Oh, OK. Sorry that I misunderstood your post.
lendav_rott
#13
Feb19-14, 09:46 AM
P: 223
It's not possible. If 1+1 = 0, then +1 would have to be equal to -1, but it can't be equal to -1 and +1 at the same time. Same way you could try and prove for any "A" that A+A = 0
gopher_p
#14
Feb19-14, 10:55 AM
P: 471
Quote Quote by pondzo View Post
okay, why are we allowed to go from ((4)*(-1))0.5 to (4)0.5*(-1)0.5 (which is equal to 2i) but we aren't allowed to go from ((-1)(-1))0.5 to (-1)0.5*(-1)0.5?
Alright, here's the rub. This isn't actually a "valid" operation. It just looks like what's going on.
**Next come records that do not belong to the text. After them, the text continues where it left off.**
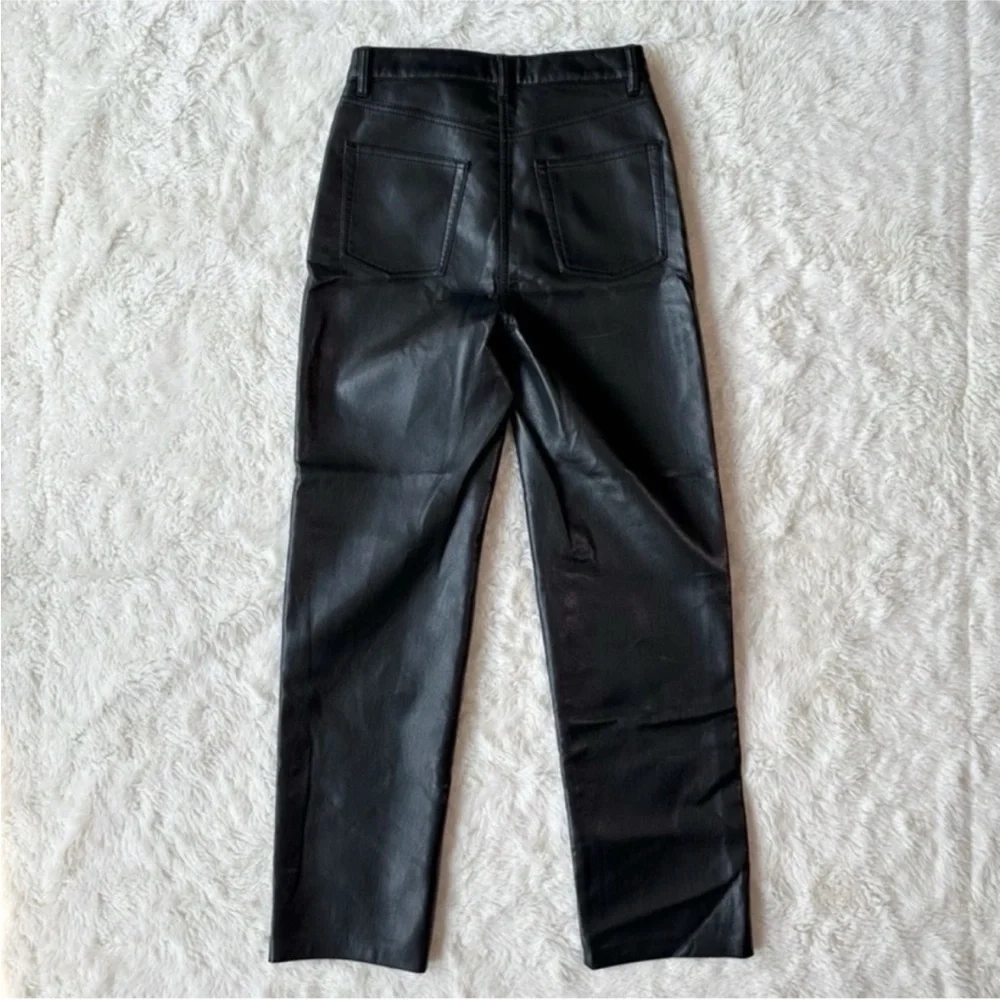 Wilfred | 00| Black Melina Vegan Leather pants High-waist, straight legs - Picture 6 of 11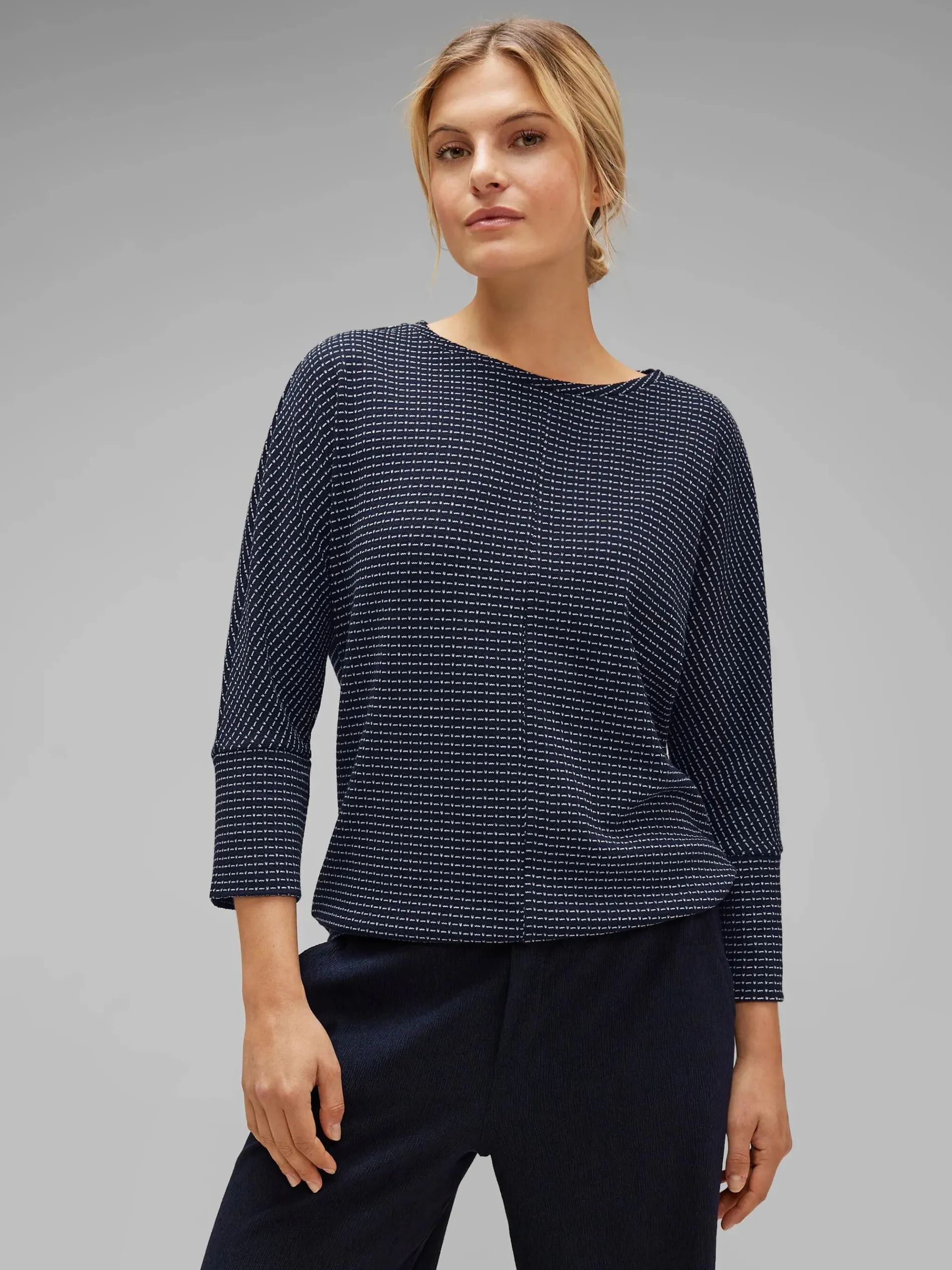 Damen Stickpullover zweifarbig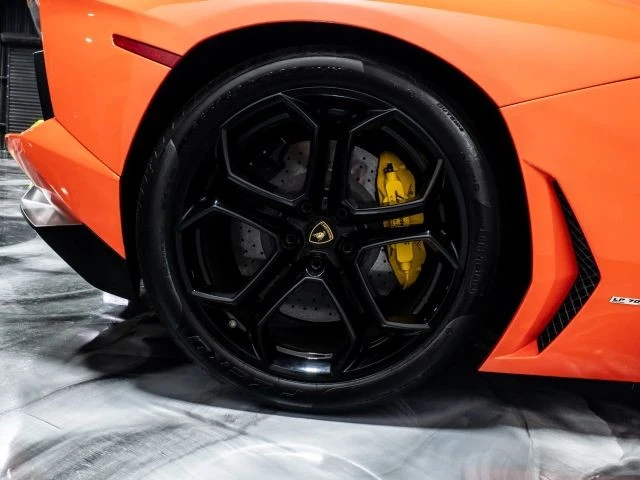 2012 Lamborghini Aventador LP700-4 - Image 18 of 21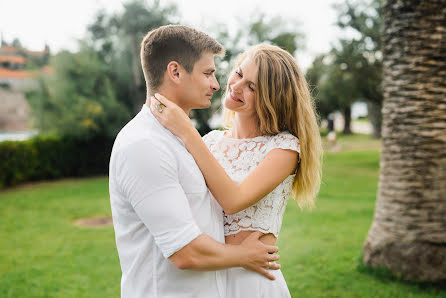 Fotografo di matrimoni Alina Paranina (alinaparanina). Foto del 18 aprile 2019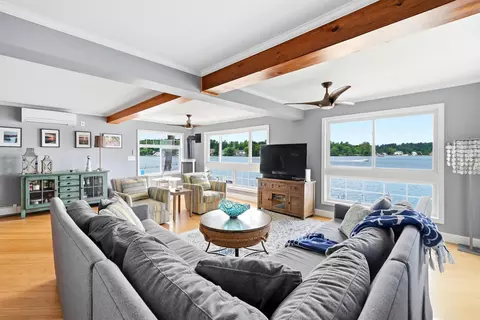 Living - 64 Turtle Rock Rd, Windham, NH 03087 photo 4 of 8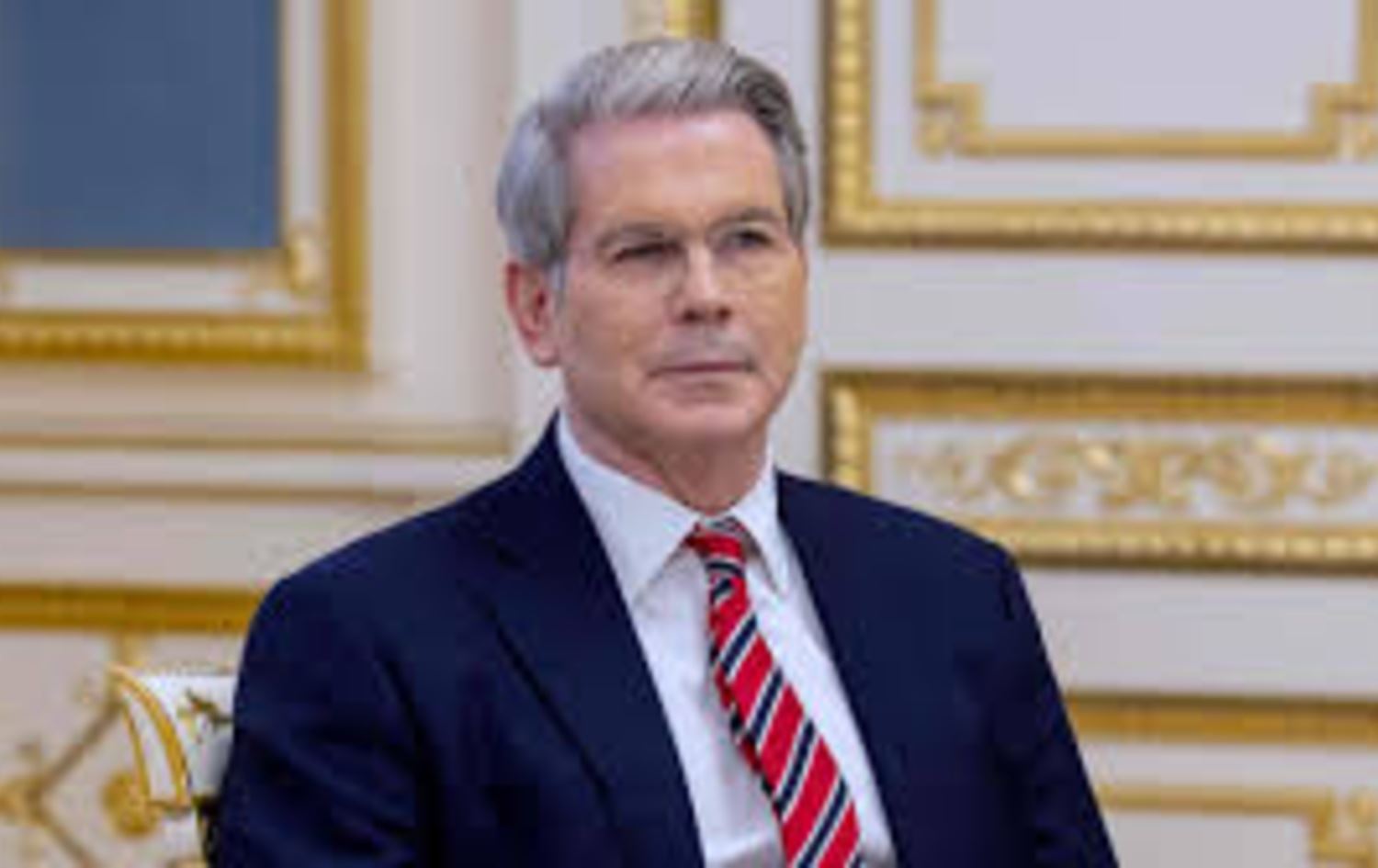 سکۆت بێسێنت، وەزیری گەنجینەی ئەمریکا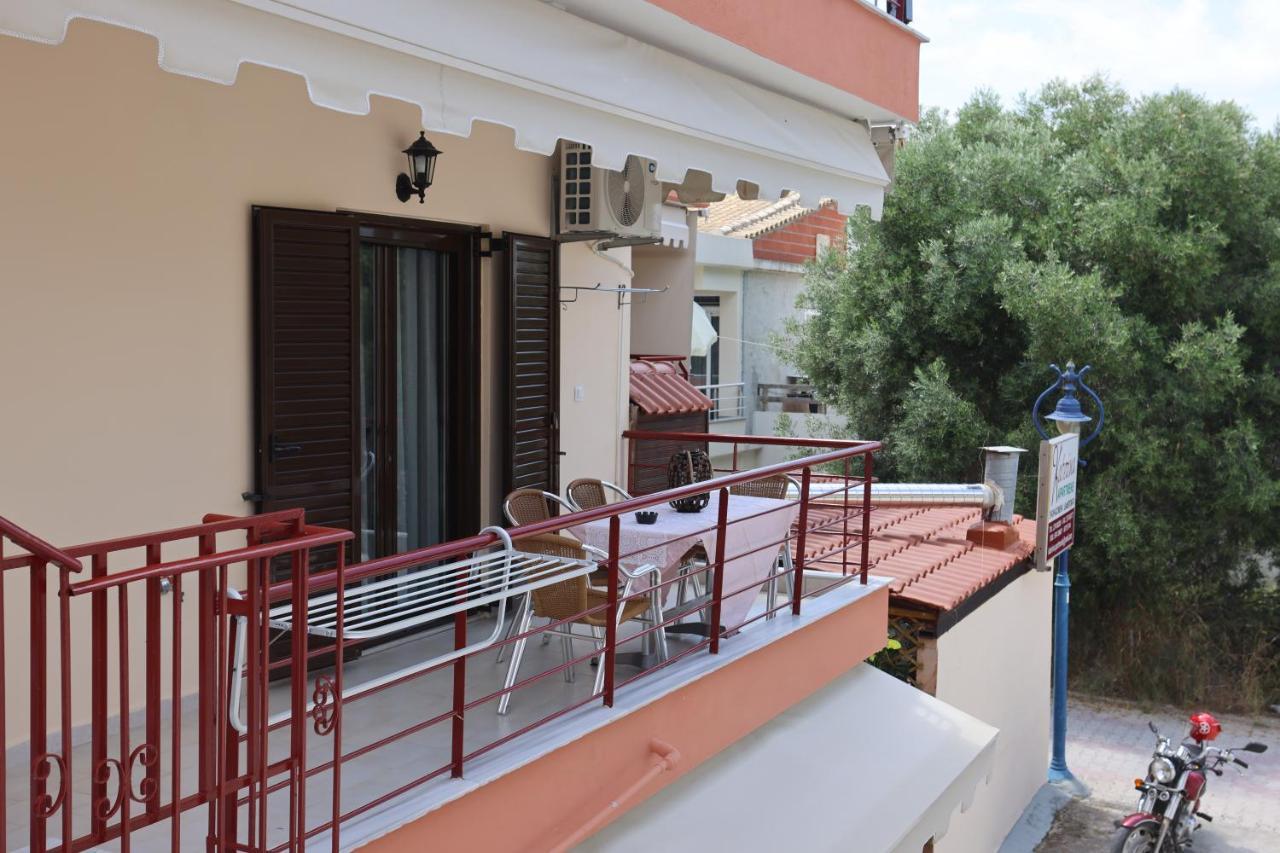Katerina Apartments Pefkochori Exterior photo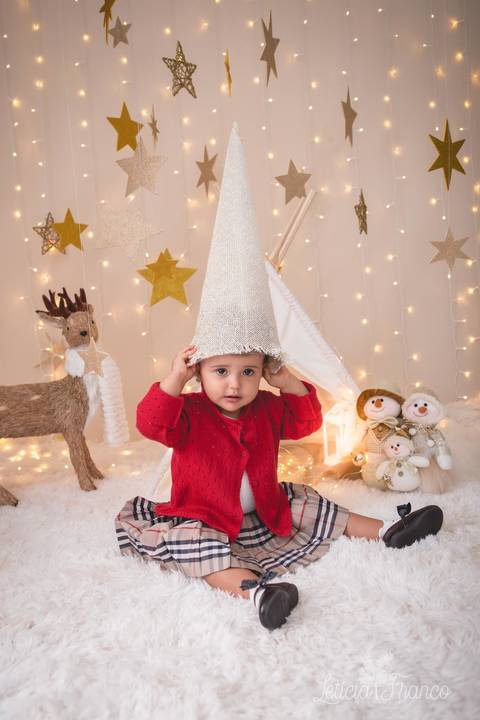 estrelas bebê touca de papai noel 2019 brasilia df registrado pela fotógrafa letícia franco branco familia leticia usando árvore de chápeu'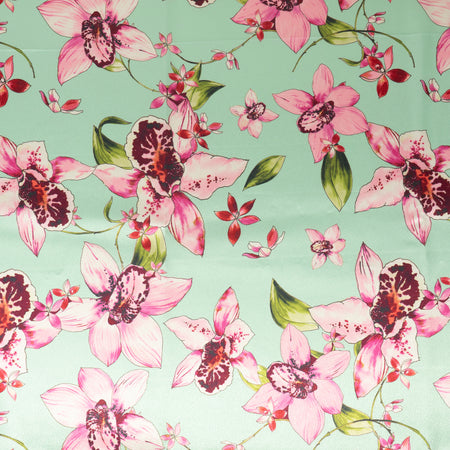 Stitch & Sparkle, 100 % poliéster, charmeuse de 57" de ancho, estampado de orquídeas sobre fondo menta, se vende por yardas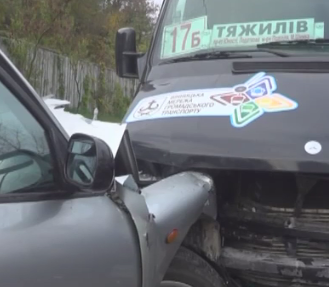 5 людей постраждали у масштабній аварії у Вінниці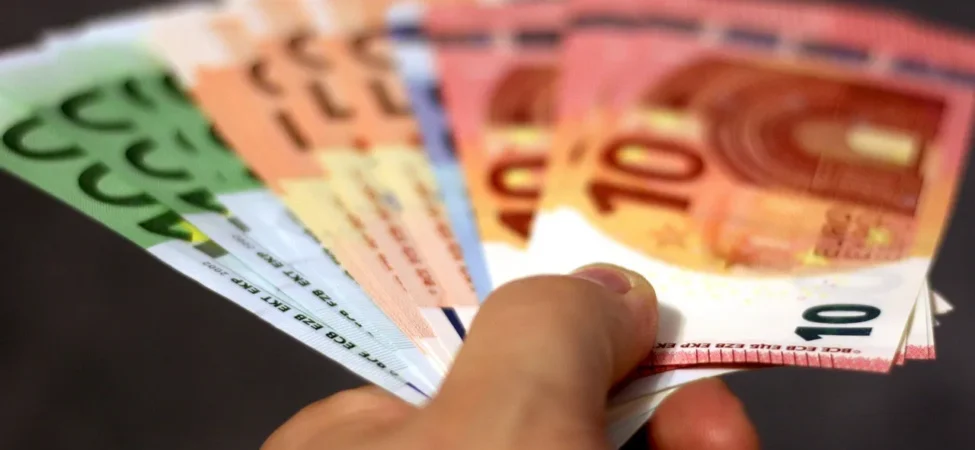 moerschy-money-1005465_1280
The notation convention used by every mathematician and math educator that I know is that ##\sqrt{a}## denotes the non-negative solution of ##x^2=a## if ##a## is a non-negative real number and ##\sqrt{a}## denotes the root ##i\sqrt{-a}## of ##x^2=a## when ##a## is a negative real number (so we've already agreed on what ##\sqrt{-a}## means), where ##i## denotes either (a) some made-up thing with the property that ##i^2=-1## or (b) the principle complex root (we singled one of them out and said "you're it") of ##x^2+1=0## depending on where you are in your math studies. There are no rules of exponents or multiplicative identities of roots or anything of that sort going on. It's all just definitions of notation; these are the symbols that we use to talk about these abstract mathematical concepts.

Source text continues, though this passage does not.